Depuis quelques années, la mascotte de Nintendo n'est plus seulement un as de la plate-forme mais aussi un concurrent sérieux dans le domaine du RPG. En alliant un gameplay innovant à une atmosphère complètement déjantée, la série des Mario & Luigi a su moderniser le genre en y apportant la touche de dérision qu'il fallait pour hypnotiser son public.
Et force est de constater que, au fil des épisodes, la saga a su nous ravir de plus en plus en se renouvelant constamment sans pour autant perdre de vue les repères laissés par l'équipe de Squaresoft lors de la conception de Super Mario RPG sur Super NES. Depuis cet épisode fondateur, on a pu distinguer deux branches dérivées de cette saga : celle des Paper Mario et celle des Mario & Luigi. Si la première a fait ses preuves sur consoles de salon (N64, GameCube et Wii), la seconde a débuté plus discrètement sur GBA avec Mario & Luigi : Superstar Saga avant de trouver son rythme de croisière sur DS (Partners in Time et Mario & Luigi 3). Les adeptes des volets portables seront d'ailleurs certainement d'accord sur le fait que ces derniers n'ont vraiment rien à envier aux Paper Mario. Moins originaux sur la forme, ils ont le mérite de pousser le délire narratif beaucoup plus loin et de proposer un gameplay nettement moins conventionnel.

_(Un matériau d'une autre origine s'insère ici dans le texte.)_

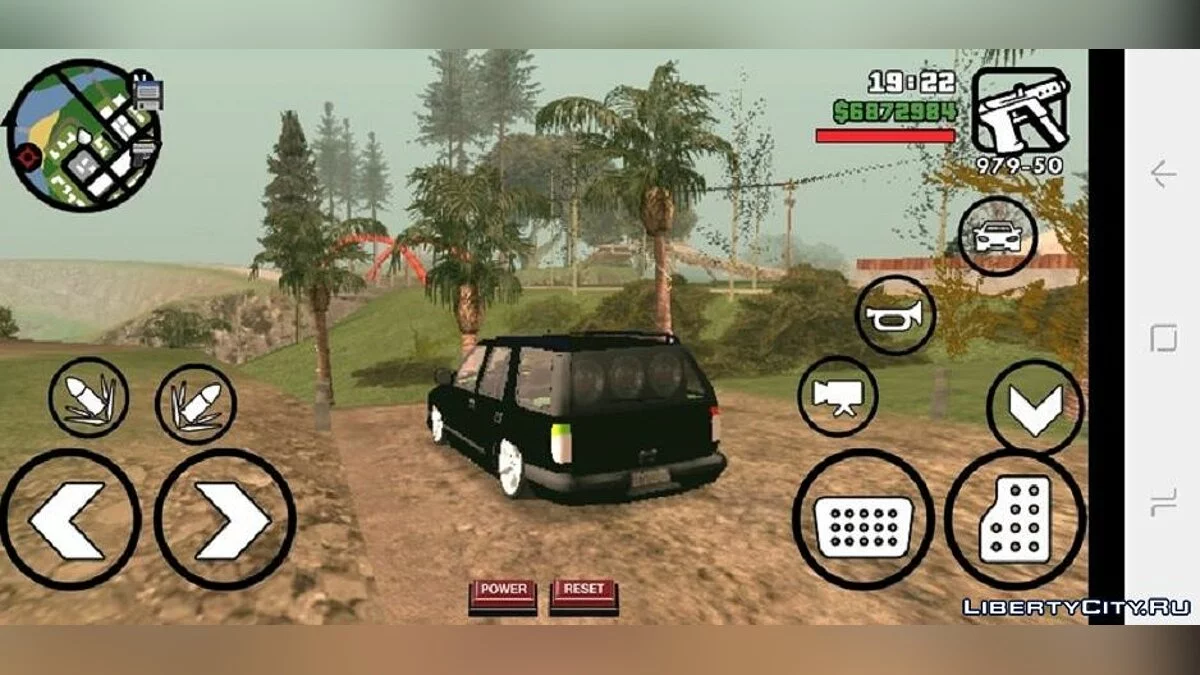 Домик возле озера V2 / GTA San Andreas (iOS, Android)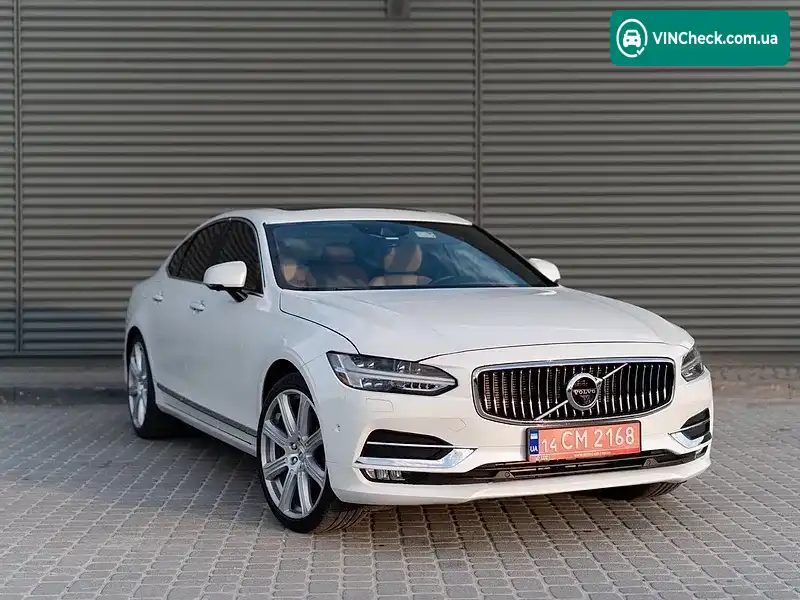 Volvo S90 2017, фото з оголошення 2 з 20, VIN YV1A22ML7H1017456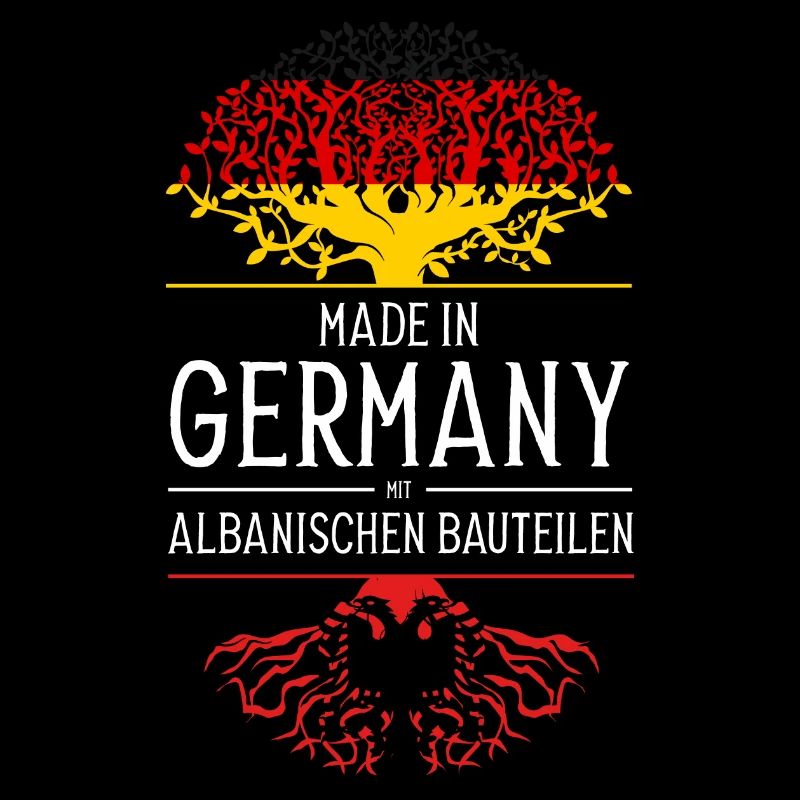 Deutsch Albanisch Deutscher Geschenk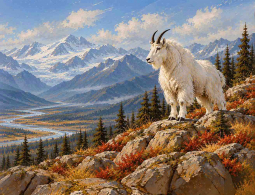 Above the Valley by AOT Designs Ceramic Accent & Decor Tile AOT149AT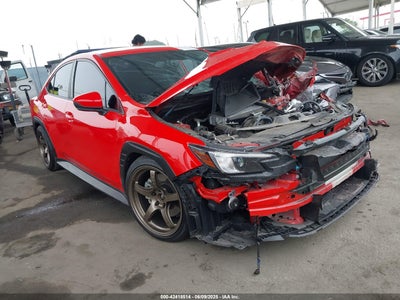 SUBARU WRX 2022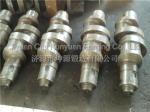 Industrial Forged CrankShafts Car Engine Forging Crankshaft Diameter 200 - 750mm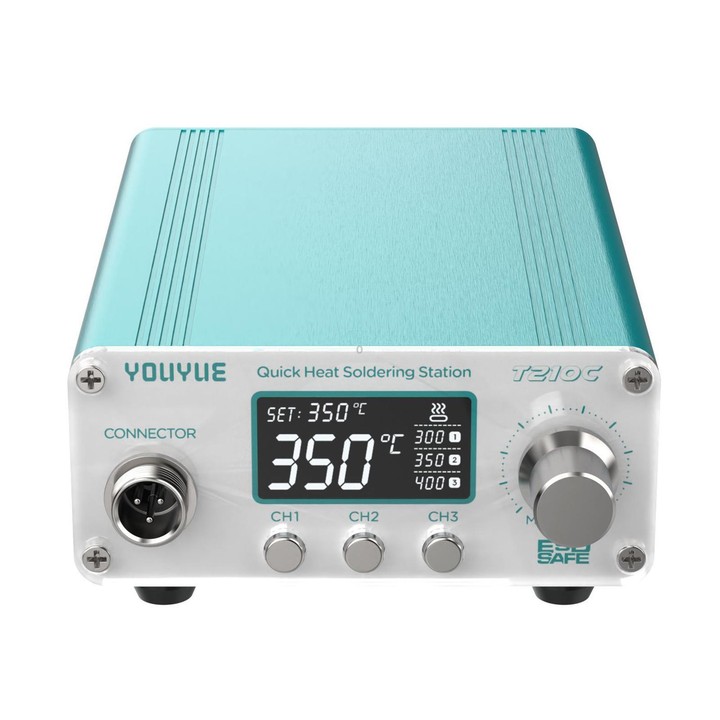 UYUE T210C Adjustable Constant Temperature Digital Display Soldering Station, Plug:EU Plug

Le point de départ de cette nouvelle aventure fait d'ailleurs honneur à la réputation déraisonnable de la série en misant sur un scénario totalement absurde et irrésistible. Vous connaissez les Toads, ces adorables personnages champignons qui mènent une vie paisible aux abords du château de la princesse Peach ? Eh bien imaginez qu'un être vil au QI surdéveloppé dénommé Gracowitz (l'être, pas le QI...) prenne pour cible ces innocents villageois pour les transformer en véritables ballons de baudruche ! Un drame qui porte le nom terrible de « rouliboulite » et qui constitue le pire fléau que le royaume Champignon ait connu. Ni une ni deux, la princesse Peach réunit ses ministres pour désigner ceux qui seront chargés de récupérer le seul remède susceptible d'enrayer cette maladie. Pas fâchés de repartir à l'action, Mario & Luigi acceptent leur nouvelle mission alors qu'une vieille connaissance fait son entrée fracassante au château. Bowser est de retour mais il possède cette fois un sérieux atout. Ayant absorbé un mystérieux champignon donné par Gracowitz, le voici enfin en mesure de dévorer les deux plombiers qui échouent ainsi à l'intérieur de son ventre ! Pour eux, l'aventure commence ici, dans les organes de leur ennemi juré. Voilà qui apprendra au roi des Koopas qu'il vaut toujours mieux mâcher sa nourriture pour éviter les maux d'estomac...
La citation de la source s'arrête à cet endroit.